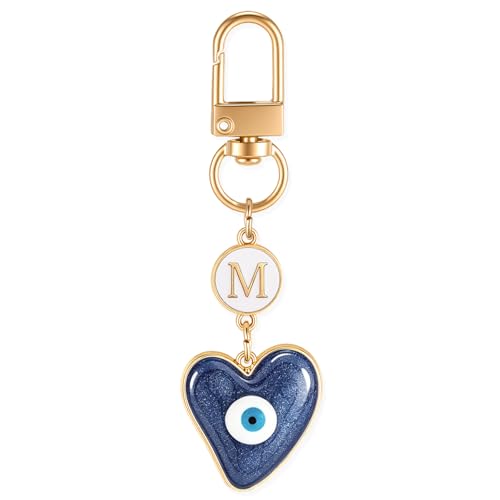 XGALBLA Evil Eye Initial Letter Keychains Sweat-heart Keychains for Women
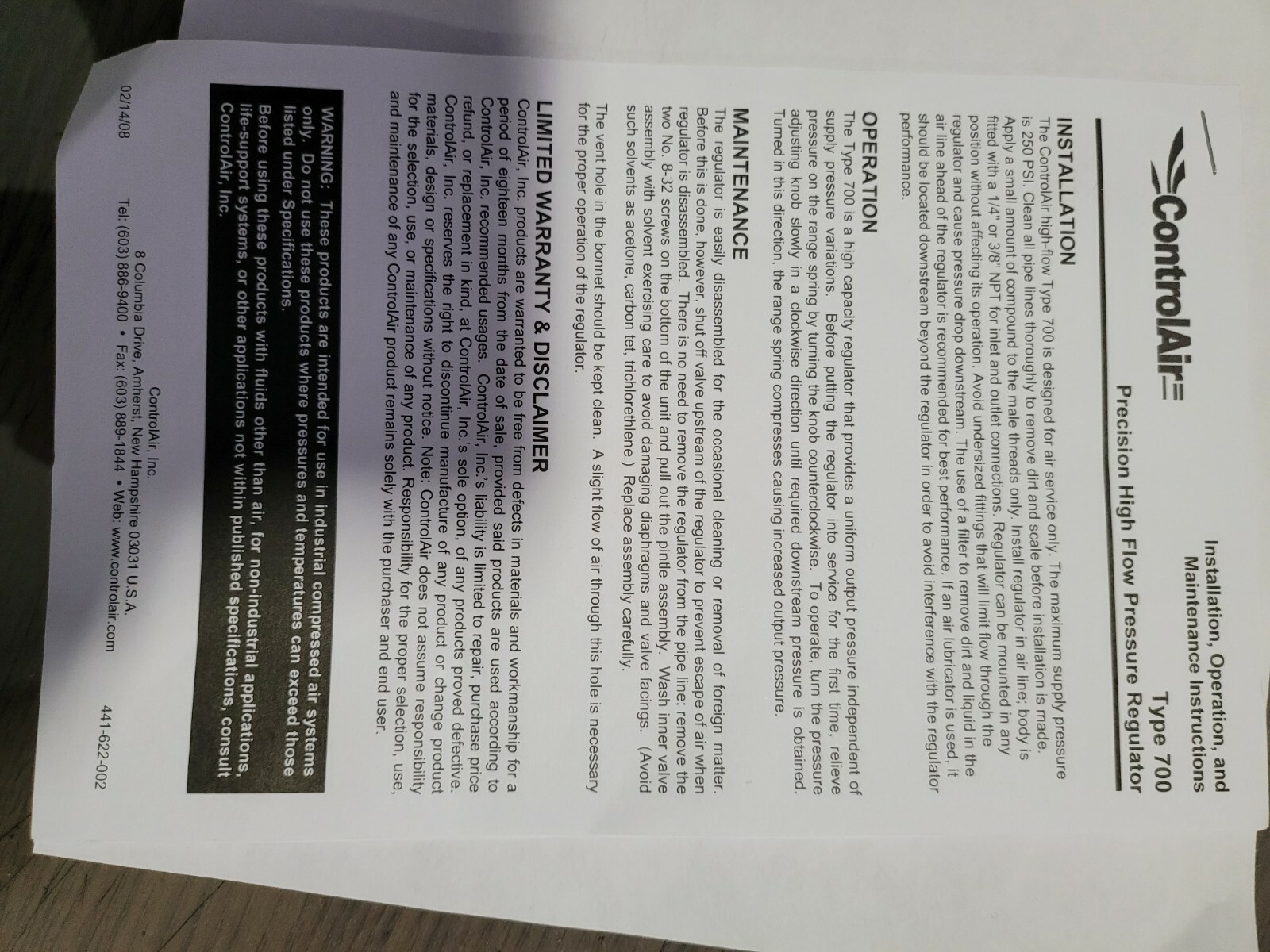 Control Air Inc.pressure Regulator Type 700 0-to 2 Psig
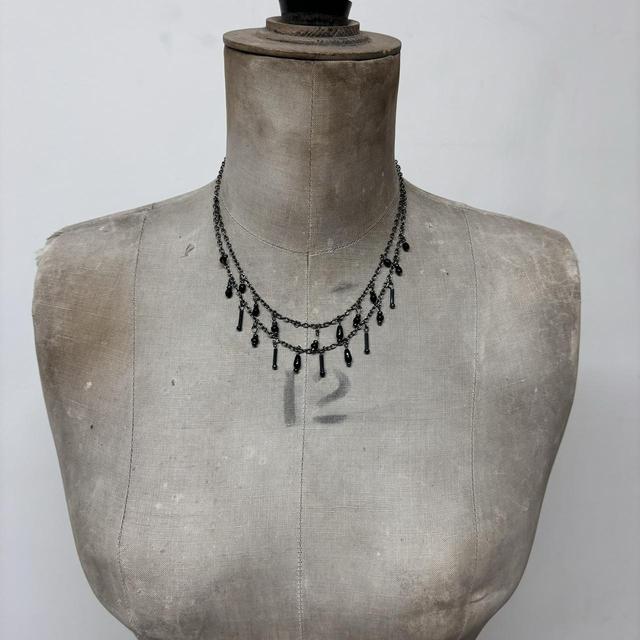 Black layered drape bead grunge necklace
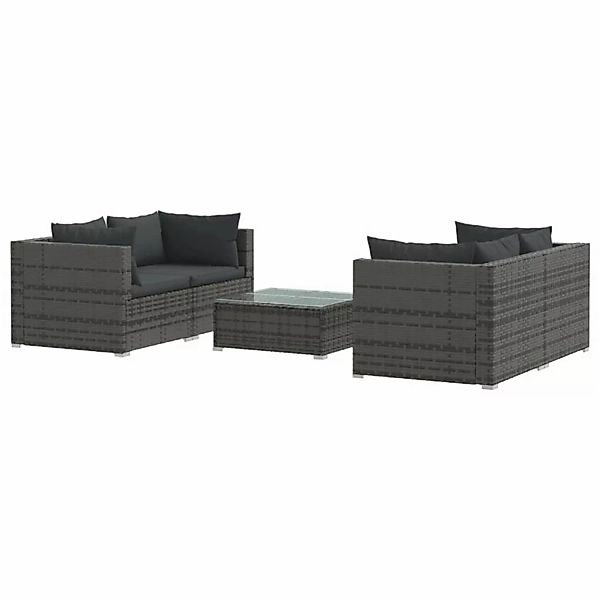 vidaXL 5-tlg Garten-Lounge-Set mit Kissen Poly Rattan Grau Modell 12 günstig online kaufen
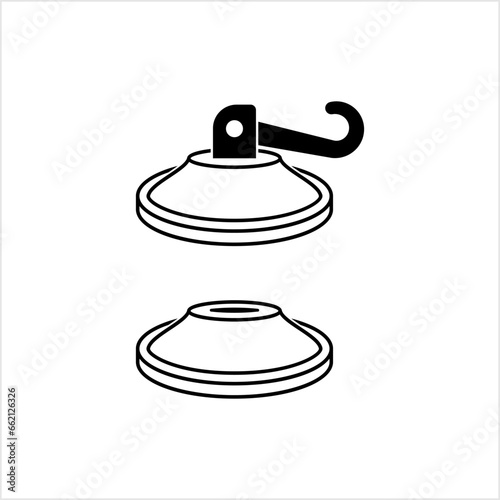 Suction Cup Icon, Rubber Silicone Sucker Device Used To Adhere On Nonporous Surfaces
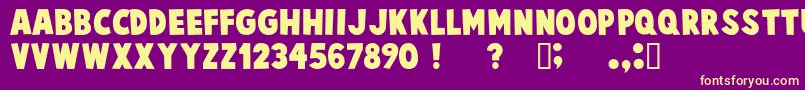 CartoonistKooky Font – Yellow Fonts on Purple Background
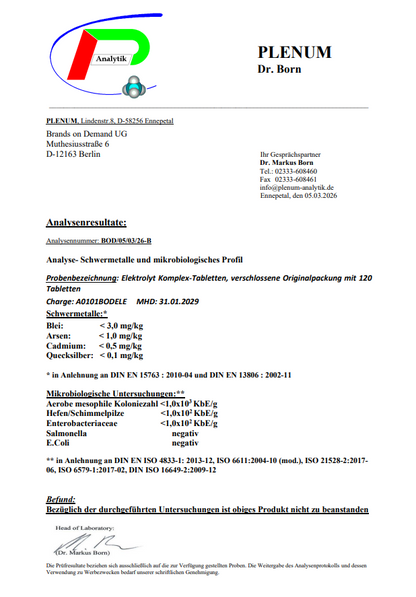Elektrolyt Komplex - 120 vegane Tabletten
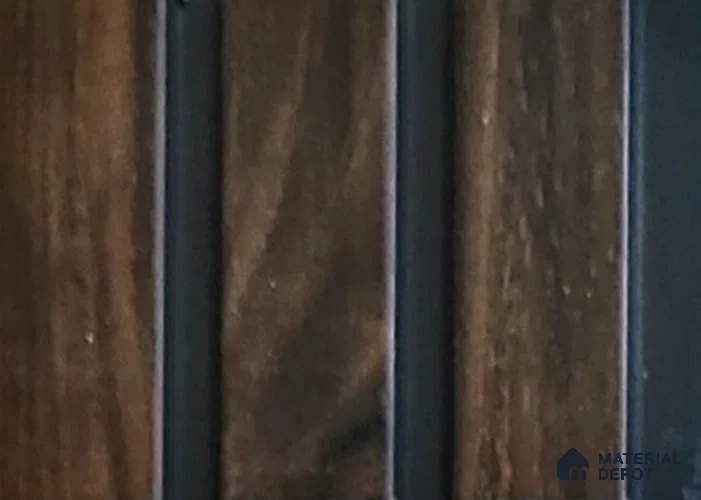 Brown Wooden Louver PN 05330 8 ft x 4.9 inch Charcoal Panel - 12 mm | Suitable for Feature Wall, TV Unit & Living Room | Width is Subjected to 5% Variation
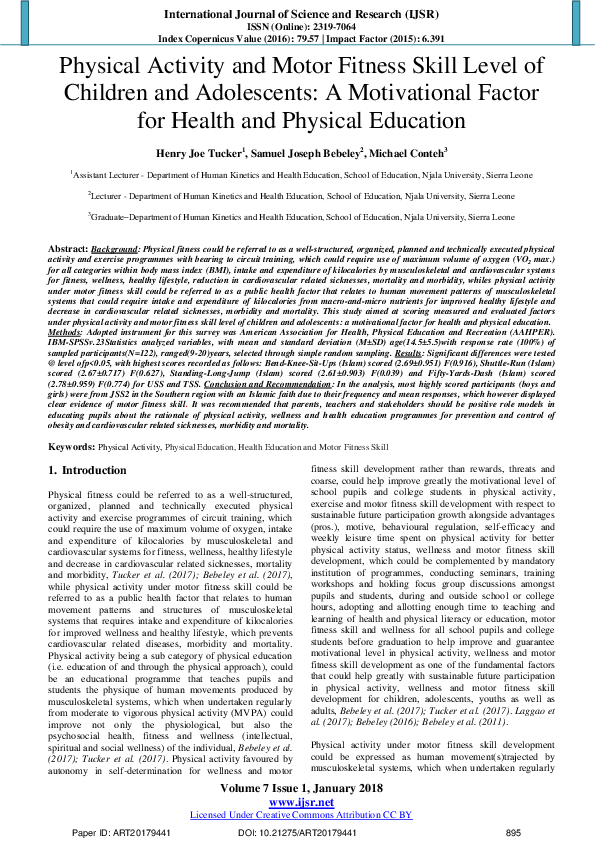 (PDF) Physical Activity and Motor Fitness Skill Level of Children and ...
-=-=-
(Problem) Restate, word for word, each line from the line containing "Black layered drape bead grunge necklace" through the end of the entries above; the pictures are not part of the copy.

(Answer for this exercise)
 Black layered drape bead grunge necklace
 vidaXL 5-tlg Garten-Lounge-Set mit Kissen Poly Rattan Grau Modell 12 günstig online kaufen
 Suction Cup Icon, Rubber Silicone Sucker Device Used To Adhere On Nonporous Surfaces
 CartoonistKooky Font – Yellow Fonts on Purple Background
Elektrolyt Komplex - 120 vegane Tabletten
 Brown Wooden Louver PN 05330 8 ft x 4.9 inch Charcoal Panel - 12 mm | Suitable for Feature Wall, TV Unit & Living Room | Width is Subjected to 5% Variation
 (PDF) Physical Activity and Motor Fitness Skill Level of Children and ...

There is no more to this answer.